Albertans have identified financial literacy as a priority in a survey undertaken by Alberta Education in its bid to overhaul the education curriculum.

"Start early — the talk about money can never happen soon enough,' says financial literacy expert

Education Minister David Eggen said most respondents support the introduction of lessons in financial literacy early on. (CBC)

Albertans say teaching financial literacy should be a priority in schools, according to a new survey conducted by Alberta Education in its bid to overhaul the education curriculum.

On Monday, Alberta Education released survey results involving 32,391 parents, teachers and students, in which a majority agreed on the importance of teaching students early on how to manage their finances.

The survey is part of a six-year review of the curriculum that began last year.

"We saw some interesting feedback that will require further deliberation and work with our partners," said Education Minister David Eggen. "For example, 90 per cent of respondents supporting the introduction of financial literacy as early as elementary school."

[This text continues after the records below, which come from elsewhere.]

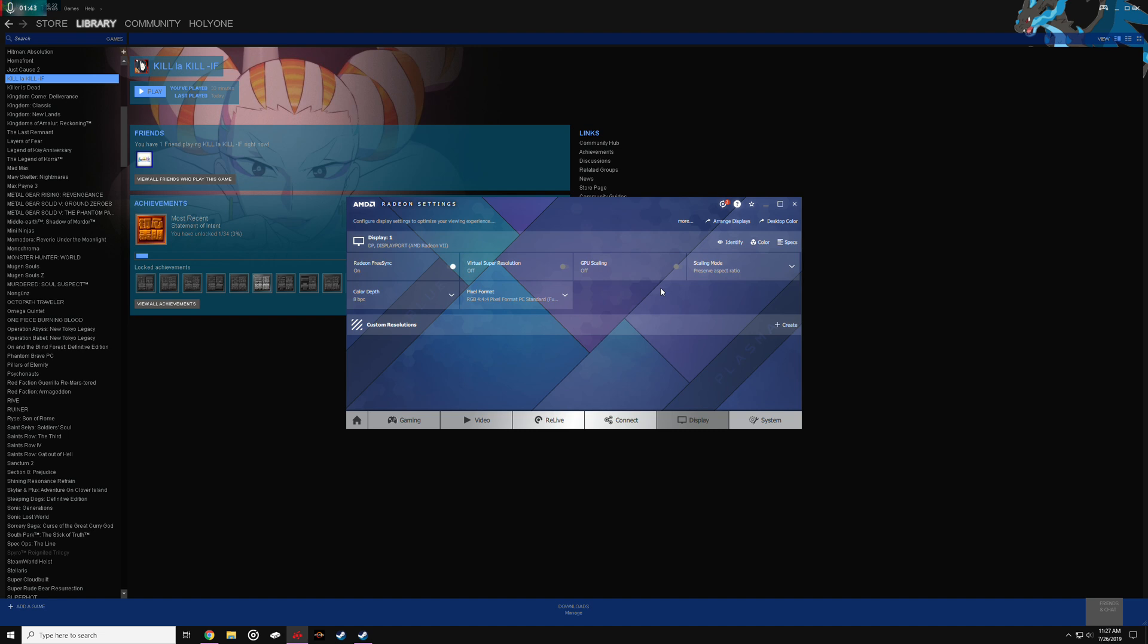So until they patch the game, these are the fixes I recommend, guys. Let me know if this helps you in the comments below. And for the Nvidia users, just do the exact same thing, just turn off tessellation. It's pretty much identical, just the layout's different. So let me know what you think.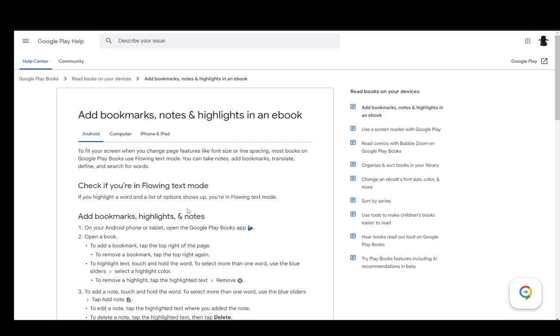As you can see, I'm using the Google Play Help Center and this article on how to add bookmarks, notes, highlights, and other things. I will be covering this for Android, computers, and iPhone and iPad. In the top tabs, you have those three categories, and I will be covering all of them.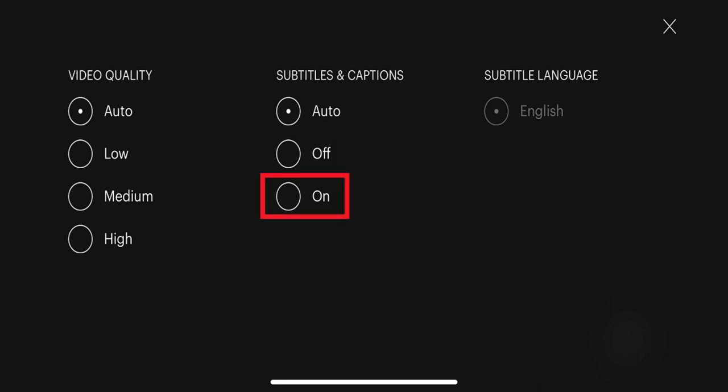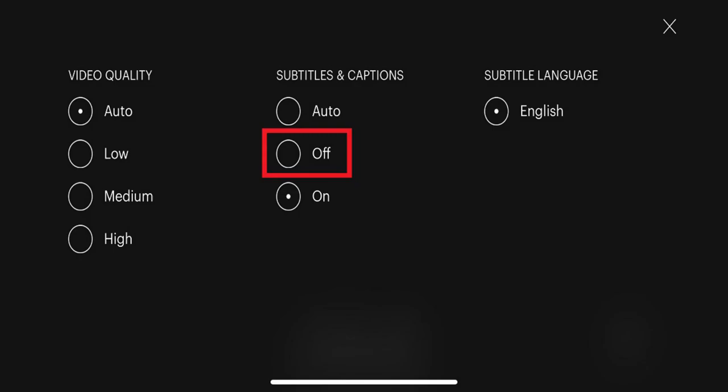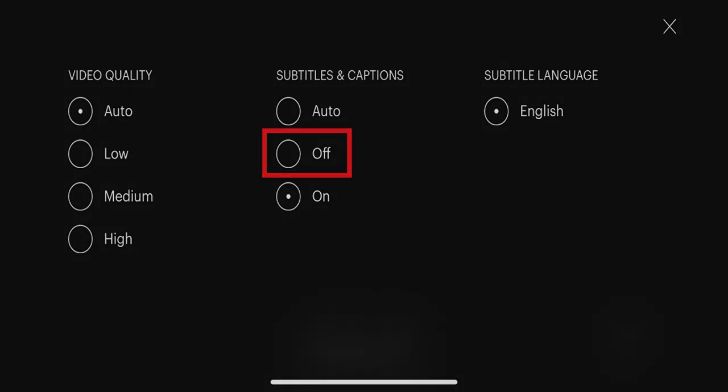Step 3: Tap to place the radio button in the circle to the left of On beneath Subtitles and Captions. Step 4: Tap X in the upper right corner of the screen to close the menu and return to your Hulu show, where subtitles will now be turned on. You can turn subtitles off at any time by navigating back to the Subtitles and Captions menu and then setting that option to Off.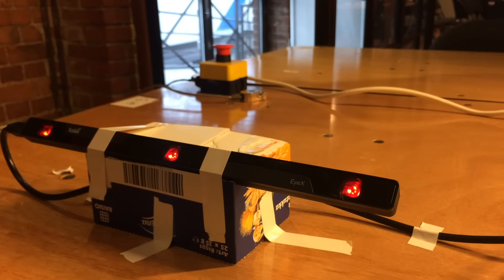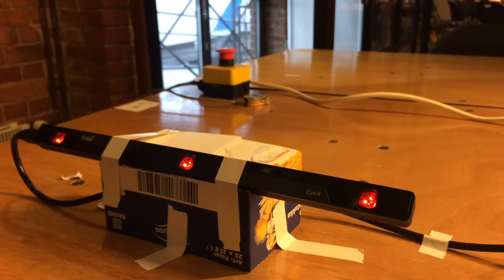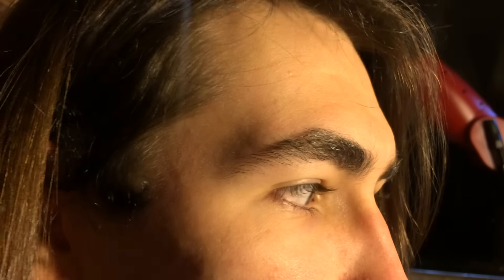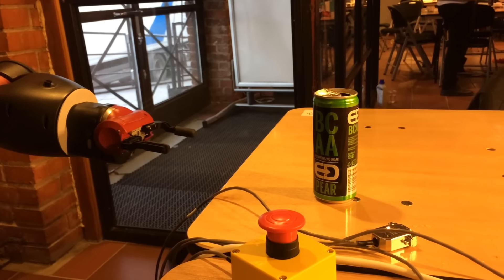I have an eye-tracking camera in front of me. It tracks where I'm looking at, and if I look at something that I want, like for example that can, hopefully...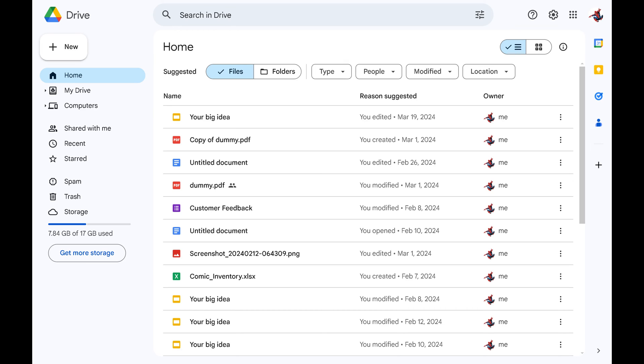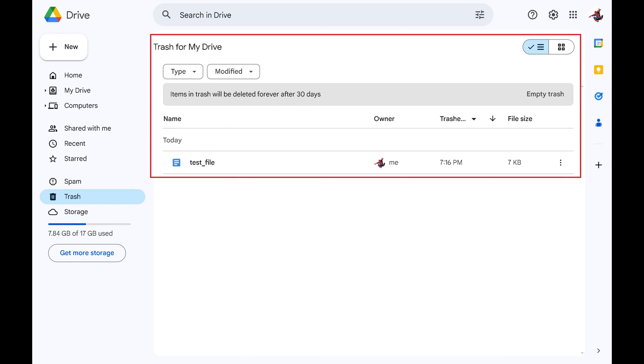You'll land on your Google Drive home screen. Step 2: Click Trash in the menu on the left side of the screen. Any Google Drive files you've deleted over the last 30 days will be displayed.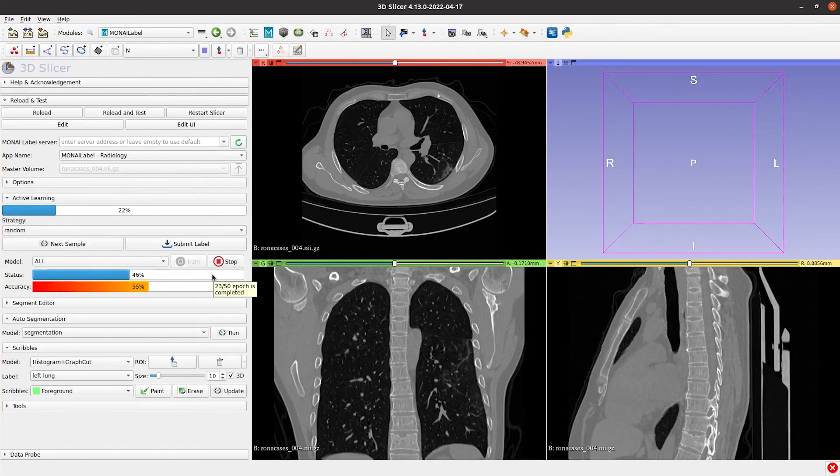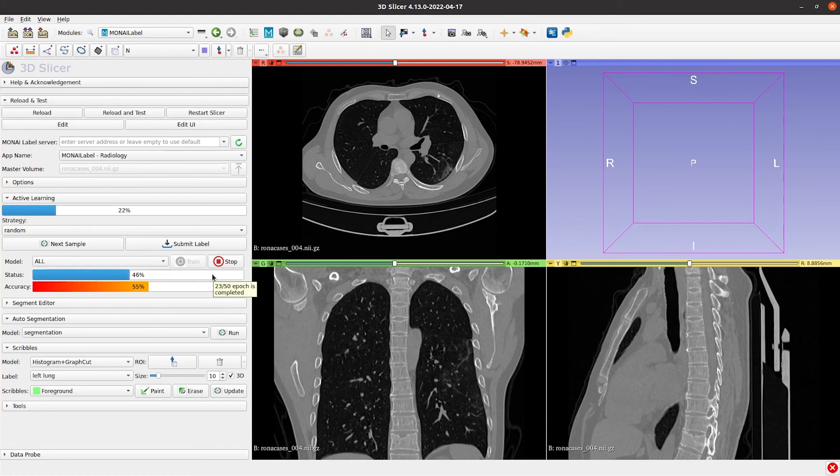From previous experiences, to get a model with decent lung segmentation results, you will need to first segment 10 to 15 volumes, and then train the model for around 800 epochs.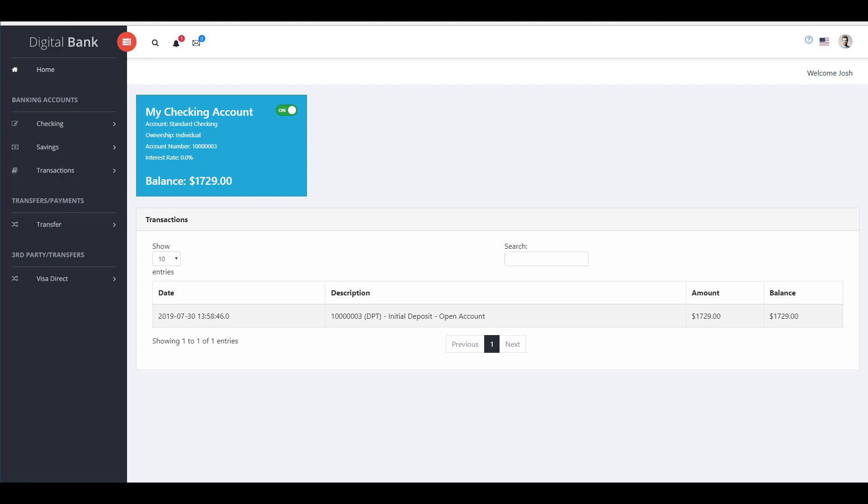Now, instead of passing this off to a third-party testing team to test this, we're going to show how a developer or tester in an agile team can record the functional testing using our Chrome plugin.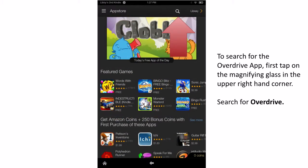You will need to download the OverDrive Media Console app. OverDrive is the company that manages and distributes the library's digital content. You can find the app by tapping on the magnifying glass and searching for OverDrive.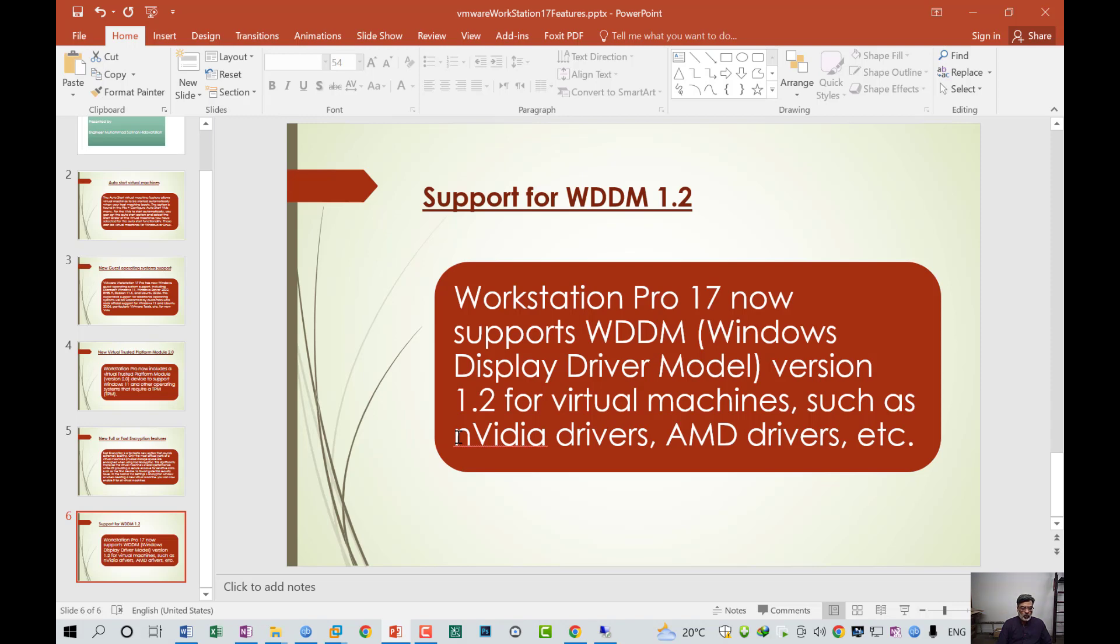This is the introductory video about the features. In my upcoming video, I will show you how to download and install VMware Workstation 17 step by step. Thank you very much. If you like this video, please hit the like button. And if you have not subscribed to my channel yet, please subscribe. Again, thank you very much for your time.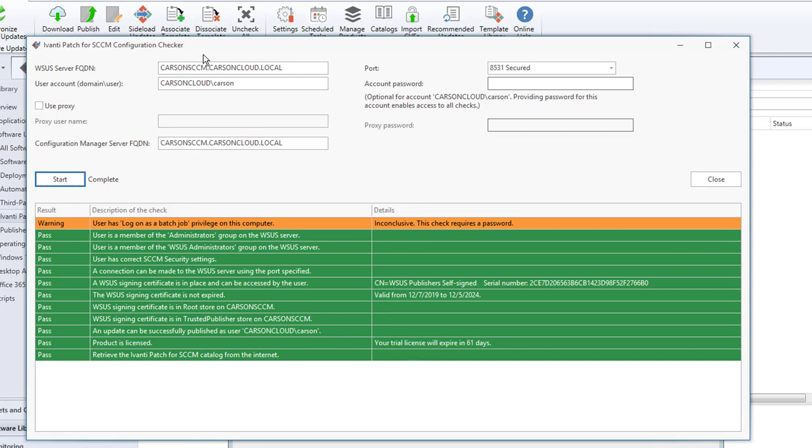That's it, folks. That's how you configure Avanti plugin in SCCM or Configuration Manager. If you want to deploy any third-party apps, there are hundreds or even thousands of third-party applications available or third-party patching available for you to patch. Thank you for watching and have a great day.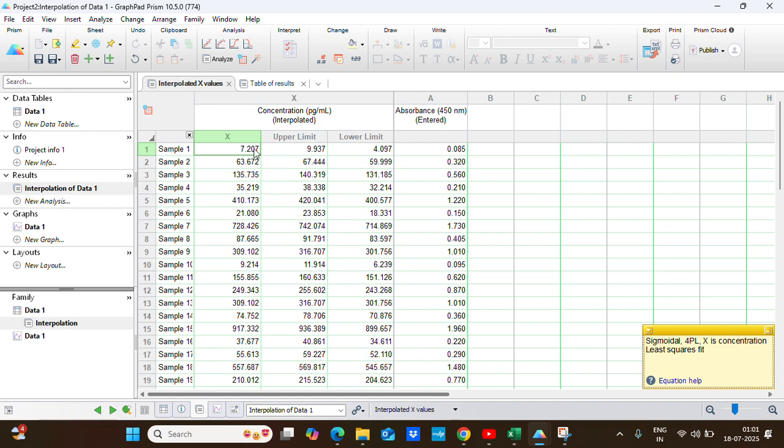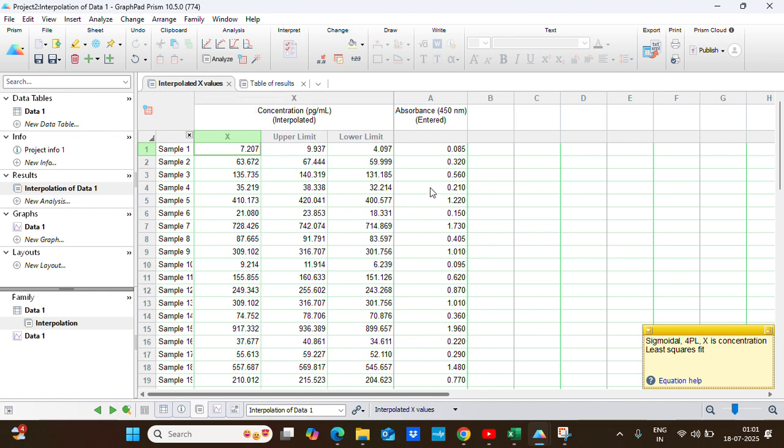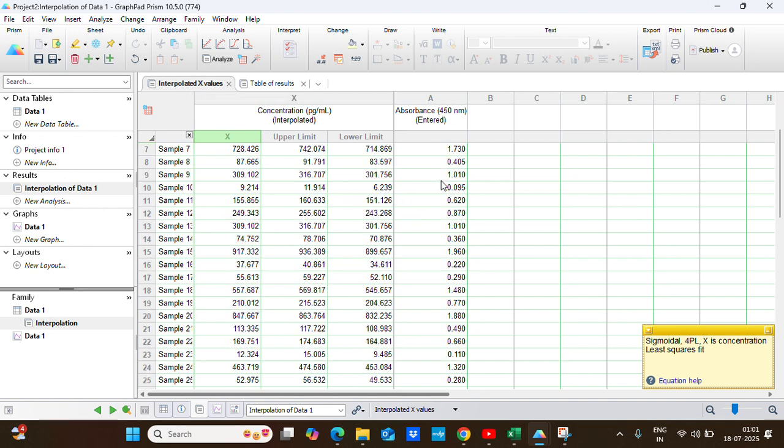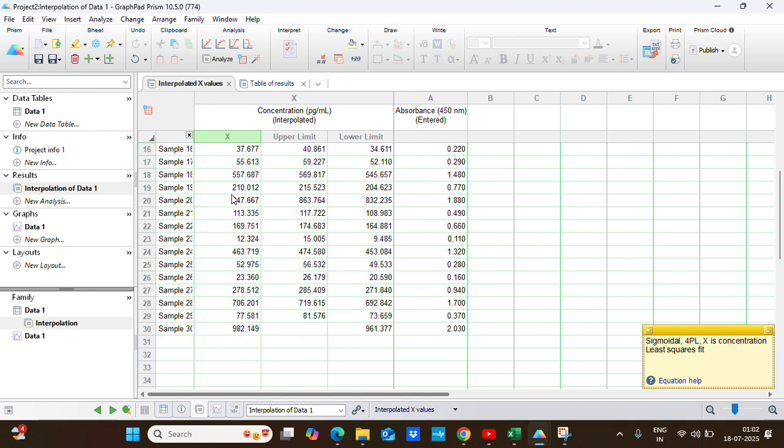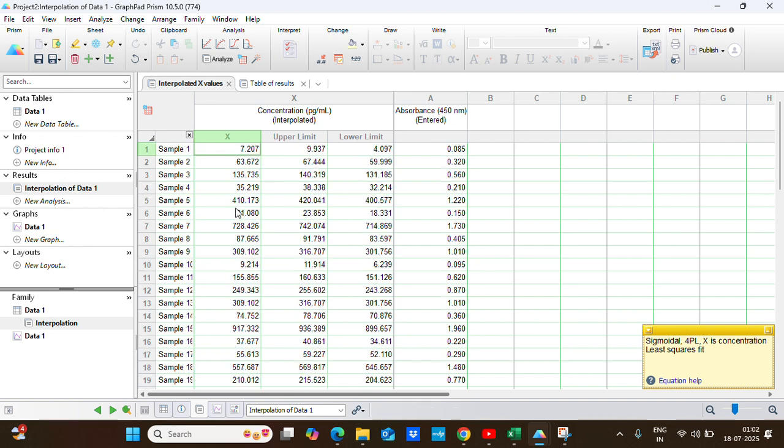Now we will get two sheets. First is the interpolated X value where we can see for each sample value we get the unknown concentration, and this is the 95 percent confidence interval: one is the upper value, one is the lower value. This is all our unknown concentration calculated by GraphPad Prism.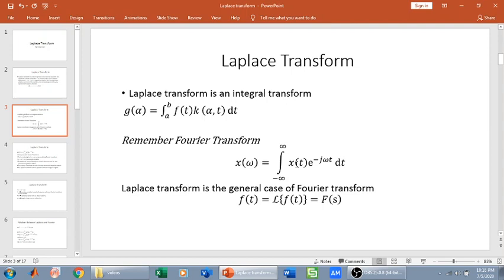Laplace transform is an integral transform. Looking at the general equation for an integral transform: we have g of alpha which is the output, and it is a function of alpha. We have f of t which is the input signal, a function of time t, which is in the time domain. Then we have k(alpha, t) dt, which is called the integral kernel. This integral kernel is dependent on both alpha and t — both the output variable and the input variable. So this converts a function in one variable to a function of another variable.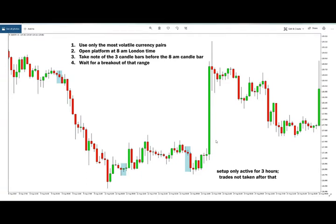Hi traders, welcome to this video where today I'm going to show you how to trade the London open breakout strategy. This is a very simple but very effective trading strategy which could also be very profitable for you.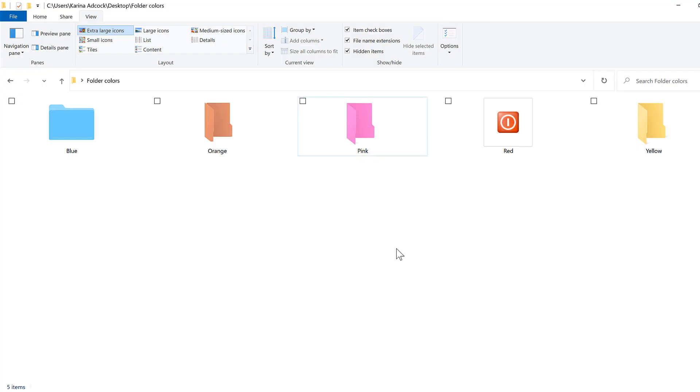So in this video I have shown you how to change the color of the folder icons in Windows 10. And that is everything.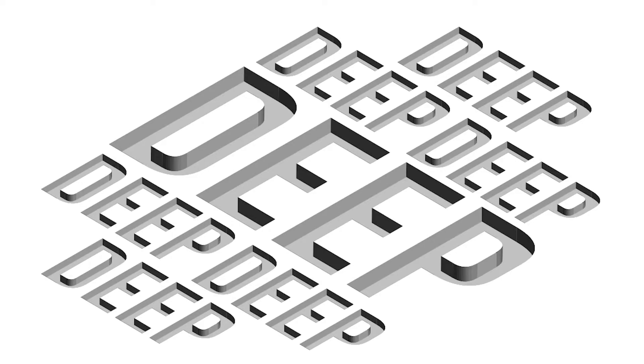Hey guys, today I'm going to show you this deep text effect in Adobe Illustrator. So, let's get right into it.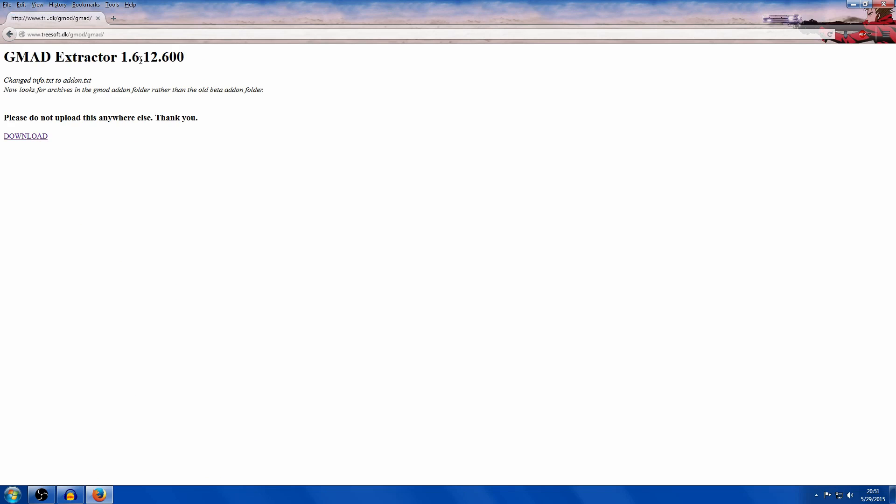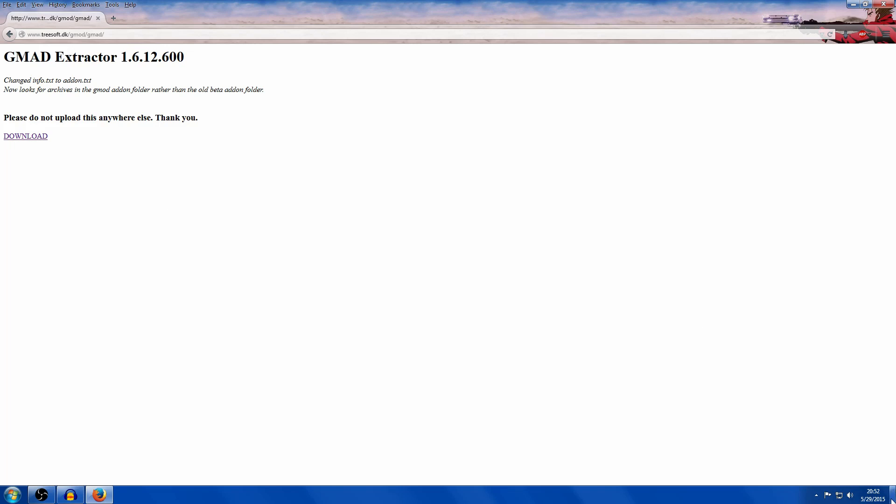It's a website. So then you just see the download button there. So you just click download.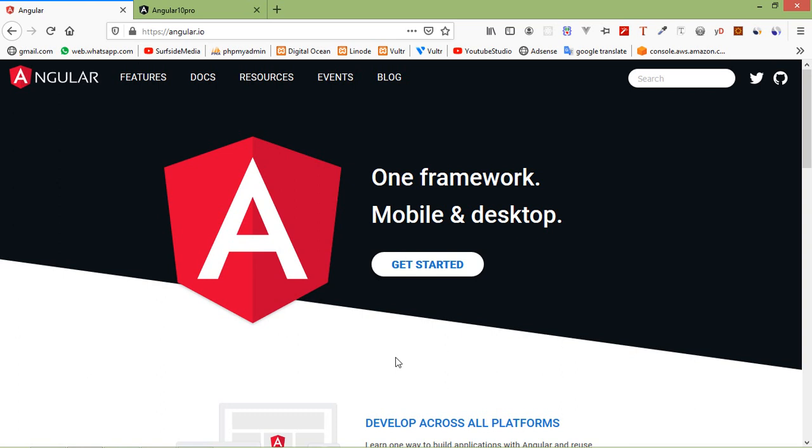Hi everyone, welcome back to the Angular 10 tutorial. In this video, we are going to learn about ngSwitch directive.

Ministry officials said Alberta high school students currently have the option to take 25 courses in financial management, as well as opportunities to learn about money in classes such as business and administration.

But survey respondents said lessons on money management should be included as early as grade four and continue throughout junior high.
Troy Tisserand, a founder of financial literacy program EmpowerU, said teaching lessons around money management has fallen from parents to the education system.

Never too early

"Start early — the talk about money can never happen soon enough," said Troy Tisserand, founder of an Edmonton-based financial literacy program called EmpowerU.

He also advised Alberta Education to "make sure that teachers have the skills to be able to effectively deliver that in the classroom."

Tisserand said early education around money used to happen at home, but with the rise of online banking and both parents often working, "it's really fallen on the education system."

He said money is used every day and choices not only define people's financial futures but also their quality of life, including mental wellness.

Eggen said the ministry will review opportunities to include financial literacy across different subjects and grades.

Upcoming opportunities for Albertans to share their views on the changes to curriculum will be announced by the province shortly.